Wystawa "Wybierz Życie" przyjechała do Kalisza w minioną sobotę. Organizatorzy podczas otwarcia wystawy tak tłumaczyli jej mocny, dla niektórych niedopuszczalny charakter. - Drastyczna jest także aborcja, pokazywanie prawdy służy tylko ludziom. Jeśli ktoś nie zgadza się z taką wystawą to można podejrzewać, że nie ma nic przeciwko aborcji, która nie przyczynia się dla dobra ludzi – uzasadniał Mateusz Rosik z Fundacji Pro z Leszna.
Nie o poparcie czy sprzeciw wobec aborcji tu chodzi, a drastyczne obrazy, które nie każdy chce oglądać w przestrzeni publicznej – mówili ci, którzy sprzeciwiają się wystawie. - Pokazywanie takiej krwawej "rzezi" publicznie jest przekroczeniem wszelkich norm moralnych, bo spójrzcie jednak Państwo, że filmy, w których znajdują się drastyczne i krwawe sceny, są oznaczone "+18" ponieważ mogłyby wpłynąć negatywnie na psychikę rozwijającego się dziecka. A ta wystawa wręcz emanuje tą przemocą. – pisze do nas Olaf Bąk.

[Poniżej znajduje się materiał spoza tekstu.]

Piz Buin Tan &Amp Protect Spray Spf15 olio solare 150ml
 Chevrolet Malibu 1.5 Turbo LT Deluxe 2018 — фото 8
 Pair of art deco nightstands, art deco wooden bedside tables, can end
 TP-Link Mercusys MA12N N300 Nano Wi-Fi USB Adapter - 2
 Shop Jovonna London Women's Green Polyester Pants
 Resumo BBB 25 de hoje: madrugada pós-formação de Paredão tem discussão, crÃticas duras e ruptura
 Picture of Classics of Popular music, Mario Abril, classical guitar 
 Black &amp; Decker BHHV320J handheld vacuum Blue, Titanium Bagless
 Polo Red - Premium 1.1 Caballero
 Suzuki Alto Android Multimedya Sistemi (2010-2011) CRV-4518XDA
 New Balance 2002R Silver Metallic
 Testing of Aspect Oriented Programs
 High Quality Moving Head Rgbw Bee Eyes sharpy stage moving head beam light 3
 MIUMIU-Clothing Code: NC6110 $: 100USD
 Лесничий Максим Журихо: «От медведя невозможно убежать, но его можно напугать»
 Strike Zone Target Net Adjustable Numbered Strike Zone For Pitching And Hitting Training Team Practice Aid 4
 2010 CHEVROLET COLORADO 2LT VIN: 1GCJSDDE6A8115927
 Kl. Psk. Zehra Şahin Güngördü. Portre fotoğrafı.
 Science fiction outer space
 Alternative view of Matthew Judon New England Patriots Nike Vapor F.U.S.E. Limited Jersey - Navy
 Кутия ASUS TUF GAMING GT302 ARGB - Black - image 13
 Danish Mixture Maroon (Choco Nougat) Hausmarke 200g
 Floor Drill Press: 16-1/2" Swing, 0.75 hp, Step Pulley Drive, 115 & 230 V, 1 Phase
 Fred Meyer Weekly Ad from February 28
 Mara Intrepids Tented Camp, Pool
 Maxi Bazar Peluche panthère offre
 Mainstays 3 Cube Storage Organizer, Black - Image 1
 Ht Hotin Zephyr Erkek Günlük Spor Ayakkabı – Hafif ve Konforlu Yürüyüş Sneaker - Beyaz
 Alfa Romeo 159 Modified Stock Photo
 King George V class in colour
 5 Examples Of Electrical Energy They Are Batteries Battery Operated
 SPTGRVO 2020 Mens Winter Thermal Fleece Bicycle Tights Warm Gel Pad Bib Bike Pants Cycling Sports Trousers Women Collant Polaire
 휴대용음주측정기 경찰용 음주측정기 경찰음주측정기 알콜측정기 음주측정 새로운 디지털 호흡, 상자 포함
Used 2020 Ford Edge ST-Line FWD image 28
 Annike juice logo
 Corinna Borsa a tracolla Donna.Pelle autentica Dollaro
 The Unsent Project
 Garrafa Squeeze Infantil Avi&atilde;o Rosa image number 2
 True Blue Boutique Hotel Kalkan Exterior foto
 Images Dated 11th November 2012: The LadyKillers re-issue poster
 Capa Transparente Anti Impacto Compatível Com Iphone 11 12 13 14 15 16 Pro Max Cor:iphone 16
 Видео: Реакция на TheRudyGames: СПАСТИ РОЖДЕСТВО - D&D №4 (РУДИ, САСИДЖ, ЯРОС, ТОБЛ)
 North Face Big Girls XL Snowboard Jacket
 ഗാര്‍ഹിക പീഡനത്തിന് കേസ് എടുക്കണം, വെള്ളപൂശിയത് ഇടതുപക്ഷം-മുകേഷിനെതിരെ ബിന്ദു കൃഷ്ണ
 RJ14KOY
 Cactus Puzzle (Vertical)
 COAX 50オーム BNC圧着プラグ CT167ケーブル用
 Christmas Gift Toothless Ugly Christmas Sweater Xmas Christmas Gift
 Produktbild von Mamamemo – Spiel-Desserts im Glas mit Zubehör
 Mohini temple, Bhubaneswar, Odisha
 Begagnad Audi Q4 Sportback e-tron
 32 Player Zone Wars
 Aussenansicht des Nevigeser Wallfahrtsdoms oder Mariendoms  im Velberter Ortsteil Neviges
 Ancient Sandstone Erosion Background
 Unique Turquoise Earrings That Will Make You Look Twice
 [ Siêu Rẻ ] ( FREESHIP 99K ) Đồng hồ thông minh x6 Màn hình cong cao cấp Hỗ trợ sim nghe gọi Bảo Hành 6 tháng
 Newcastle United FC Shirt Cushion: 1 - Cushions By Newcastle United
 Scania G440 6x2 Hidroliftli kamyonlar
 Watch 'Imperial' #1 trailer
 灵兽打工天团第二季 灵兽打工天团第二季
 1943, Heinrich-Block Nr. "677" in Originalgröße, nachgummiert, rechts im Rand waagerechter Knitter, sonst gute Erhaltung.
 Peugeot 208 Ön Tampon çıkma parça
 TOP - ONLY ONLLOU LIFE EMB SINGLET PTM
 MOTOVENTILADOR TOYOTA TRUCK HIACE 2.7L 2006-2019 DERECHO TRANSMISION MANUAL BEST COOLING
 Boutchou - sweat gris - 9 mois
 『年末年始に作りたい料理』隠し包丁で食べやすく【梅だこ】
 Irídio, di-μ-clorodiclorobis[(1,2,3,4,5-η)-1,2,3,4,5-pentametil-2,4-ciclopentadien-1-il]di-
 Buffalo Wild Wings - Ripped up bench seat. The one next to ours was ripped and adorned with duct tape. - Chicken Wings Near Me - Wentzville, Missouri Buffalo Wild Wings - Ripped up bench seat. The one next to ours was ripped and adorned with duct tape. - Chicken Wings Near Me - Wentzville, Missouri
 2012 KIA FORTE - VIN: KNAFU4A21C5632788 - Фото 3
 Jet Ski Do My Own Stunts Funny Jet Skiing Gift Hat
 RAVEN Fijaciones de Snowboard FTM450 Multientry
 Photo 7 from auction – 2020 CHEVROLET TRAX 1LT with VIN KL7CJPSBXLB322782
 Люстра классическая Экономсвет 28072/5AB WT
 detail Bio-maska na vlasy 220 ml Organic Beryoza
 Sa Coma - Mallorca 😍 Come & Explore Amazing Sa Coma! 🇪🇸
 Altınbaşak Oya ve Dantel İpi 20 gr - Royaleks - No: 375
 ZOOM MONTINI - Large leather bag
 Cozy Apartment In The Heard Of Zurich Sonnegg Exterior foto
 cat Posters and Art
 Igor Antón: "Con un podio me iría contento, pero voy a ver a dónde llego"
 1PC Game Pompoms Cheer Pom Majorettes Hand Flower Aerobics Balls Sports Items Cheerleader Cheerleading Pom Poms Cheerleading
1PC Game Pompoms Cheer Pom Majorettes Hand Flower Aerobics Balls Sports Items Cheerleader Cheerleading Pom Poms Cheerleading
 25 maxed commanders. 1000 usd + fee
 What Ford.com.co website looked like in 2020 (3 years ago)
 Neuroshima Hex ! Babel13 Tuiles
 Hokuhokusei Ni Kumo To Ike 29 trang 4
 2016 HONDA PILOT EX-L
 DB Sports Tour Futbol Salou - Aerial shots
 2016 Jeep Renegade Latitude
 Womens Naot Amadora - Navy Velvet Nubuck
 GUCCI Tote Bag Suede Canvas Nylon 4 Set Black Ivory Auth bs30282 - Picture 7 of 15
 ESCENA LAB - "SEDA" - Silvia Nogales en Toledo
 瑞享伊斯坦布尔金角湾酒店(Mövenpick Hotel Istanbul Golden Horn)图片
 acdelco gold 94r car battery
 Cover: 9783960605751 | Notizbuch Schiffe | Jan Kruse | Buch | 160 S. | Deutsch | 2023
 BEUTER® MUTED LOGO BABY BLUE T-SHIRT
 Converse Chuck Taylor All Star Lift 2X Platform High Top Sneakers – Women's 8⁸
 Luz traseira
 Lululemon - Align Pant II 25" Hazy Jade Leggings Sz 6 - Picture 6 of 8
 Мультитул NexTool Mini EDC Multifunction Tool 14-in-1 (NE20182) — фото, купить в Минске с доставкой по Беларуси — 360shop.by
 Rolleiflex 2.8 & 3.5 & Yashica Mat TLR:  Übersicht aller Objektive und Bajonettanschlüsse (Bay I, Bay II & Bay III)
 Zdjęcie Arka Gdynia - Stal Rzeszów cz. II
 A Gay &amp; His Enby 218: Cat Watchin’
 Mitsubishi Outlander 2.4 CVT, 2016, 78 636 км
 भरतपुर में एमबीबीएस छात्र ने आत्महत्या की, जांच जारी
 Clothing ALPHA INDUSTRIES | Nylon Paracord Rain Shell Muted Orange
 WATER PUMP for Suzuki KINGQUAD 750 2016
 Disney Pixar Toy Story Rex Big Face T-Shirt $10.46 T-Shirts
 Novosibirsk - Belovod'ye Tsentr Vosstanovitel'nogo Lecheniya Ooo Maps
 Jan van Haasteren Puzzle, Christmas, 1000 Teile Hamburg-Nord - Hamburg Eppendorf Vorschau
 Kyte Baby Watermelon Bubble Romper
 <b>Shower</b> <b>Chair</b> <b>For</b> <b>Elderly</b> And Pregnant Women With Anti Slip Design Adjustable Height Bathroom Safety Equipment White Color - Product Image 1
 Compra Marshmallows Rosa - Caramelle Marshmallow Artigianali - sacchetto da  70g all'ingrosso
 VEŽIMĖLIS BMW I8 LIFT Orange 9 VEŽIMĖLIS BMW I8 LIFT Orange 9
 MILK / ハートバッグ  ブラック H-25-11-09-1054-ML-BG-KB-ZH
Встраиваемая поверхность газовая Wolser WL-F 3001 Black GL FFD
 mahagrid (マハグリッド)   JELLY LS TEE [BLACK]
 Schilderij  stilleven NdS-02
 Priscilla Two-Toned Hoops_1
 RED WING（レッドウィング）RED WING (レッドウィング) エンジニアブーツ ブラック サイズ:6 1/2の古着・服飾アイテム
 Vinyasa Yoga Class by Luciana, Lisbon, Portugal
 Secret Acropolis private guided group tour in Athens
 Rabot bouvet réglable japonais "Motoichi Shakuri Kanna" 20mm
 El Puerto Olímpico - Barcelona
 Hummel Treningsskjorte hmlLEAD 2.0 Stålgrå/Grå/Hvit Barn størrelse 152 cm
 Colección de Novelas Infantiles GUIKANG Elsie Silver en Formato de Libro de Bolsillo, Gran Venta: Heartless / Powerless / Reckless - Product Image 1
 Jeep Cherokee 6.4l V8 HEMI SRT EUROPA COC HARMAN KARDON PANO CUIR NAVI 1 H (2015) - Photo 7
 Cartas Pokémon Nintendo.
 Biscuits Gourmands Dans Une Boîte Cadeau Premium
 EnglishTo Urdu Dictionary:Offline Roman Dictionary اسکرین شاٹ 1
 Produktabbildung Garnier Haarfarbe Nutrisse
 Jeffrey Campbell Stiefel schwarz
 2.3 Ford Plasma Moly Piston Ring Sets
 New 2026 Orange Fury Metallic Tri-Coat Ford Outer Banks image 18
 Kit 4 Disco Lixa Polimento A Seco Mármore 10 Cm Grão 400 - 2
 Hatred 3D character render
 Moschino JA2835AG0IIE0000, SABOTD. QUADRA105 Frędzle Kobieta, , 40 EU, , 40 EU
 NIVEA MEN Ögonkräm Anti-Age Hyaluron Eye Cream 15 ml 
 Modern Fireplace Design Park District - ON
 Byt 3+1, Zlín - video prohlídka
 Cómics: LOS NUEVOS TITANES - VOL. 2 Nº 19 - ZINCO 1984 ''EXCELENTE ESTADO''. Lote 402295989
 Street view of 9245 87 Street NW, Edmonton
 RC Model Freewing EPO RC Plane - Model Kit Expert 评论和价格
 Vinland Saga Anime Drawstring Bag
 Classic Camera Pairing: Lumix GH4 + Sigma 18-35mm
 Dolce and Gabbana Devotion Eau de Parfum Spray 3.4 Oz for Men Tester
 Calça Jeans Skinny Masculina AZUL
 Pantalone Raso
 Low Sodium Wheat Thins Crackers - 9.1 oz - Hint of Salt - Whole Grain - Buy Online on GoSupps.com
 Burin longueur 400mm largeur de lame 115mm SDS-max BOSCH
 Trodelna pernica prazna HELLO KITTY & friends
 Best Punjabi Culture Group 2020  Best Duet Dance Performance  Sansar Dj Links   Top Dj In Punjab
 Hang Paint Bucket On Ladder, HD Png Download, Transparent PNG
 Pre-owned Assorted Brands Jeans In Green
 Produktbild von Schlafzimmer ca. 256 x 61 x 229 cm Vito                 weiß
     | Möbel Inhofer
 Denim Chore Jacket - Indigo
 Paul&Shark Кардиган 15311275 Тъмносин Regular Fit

Fundacja Pro organizując wystawę, powoływała się na zgodę parafii na wywieszenie zdjęć. Okazało się jednak, że potrzebna jest również zgoda konserwatora zabytków. O taką Fundacja nie występowała, dlatego gdy tylko Urząd Ochrony Zabytków zainteresował się sprawą, organizatorzy podjęli decyzję o jej zdjęciu. Mateusz Rosik z Fundacji Pro nie chciał dziś komentować zamknięcia wystawy. Powiedział, że oświadczenie w tej sprawie przedstawi mediom dziś po południu.